Only one span is wanted from the lines below: from the one with "cotton sticks for" up to and including the one with "Young woman feeding". Copy it exactly, without images.

*** Dataset content Section Begins ***

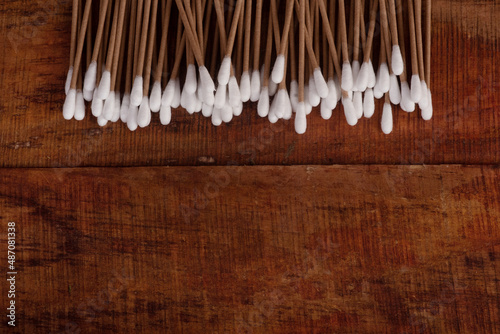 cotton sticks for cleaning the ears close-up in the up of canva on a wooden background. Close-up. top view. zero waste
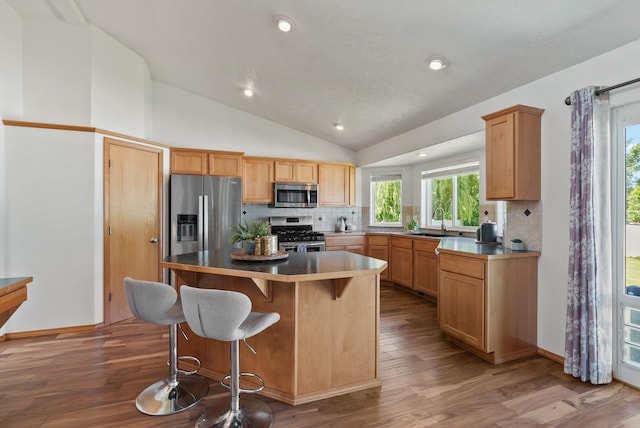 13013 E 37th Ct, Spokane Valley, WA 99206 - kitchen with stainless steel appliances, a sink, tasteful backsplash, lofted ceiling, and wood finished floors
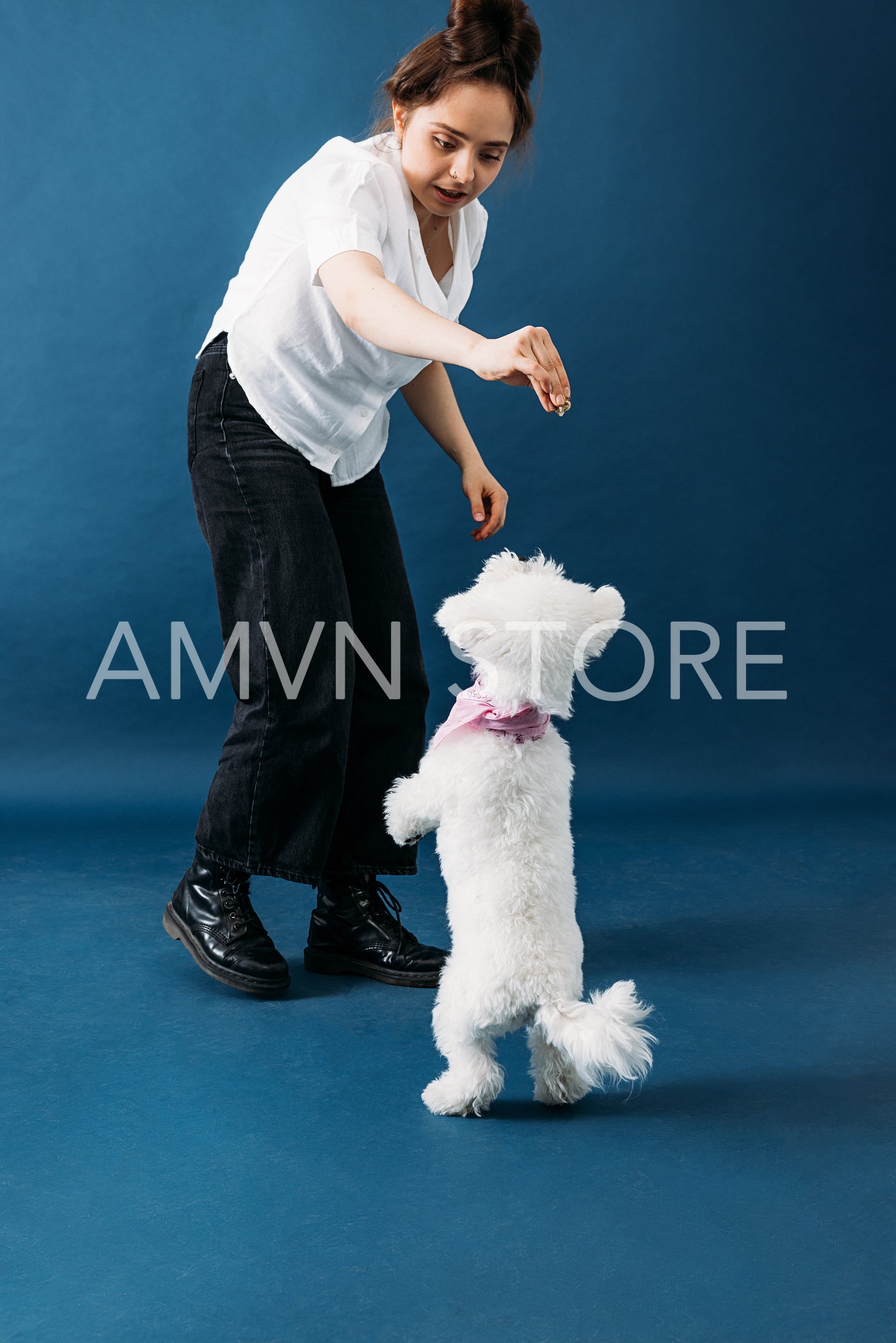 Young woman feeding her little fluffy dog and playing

*** Dataset content Section Ends ***
*** Dataset content Section Begins ***

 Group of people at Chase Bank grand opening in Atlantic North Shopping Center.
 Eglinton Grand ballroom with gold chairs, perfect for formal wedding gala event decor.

*** Dataset content Section Ends ***

▸ Answer space
 cotton sticks for cleaning the ears close-up in the up of canva on a wooden background. Close-up. top view. zero waste
 13013 E 37th Ct, Spokane Valley, WA 99206 - kitchen with stainless steel appliances, a sink, tasteful backsplash, lofted ceiling, and wood finished floors
 Young woman feeding her little fluffy dog and playing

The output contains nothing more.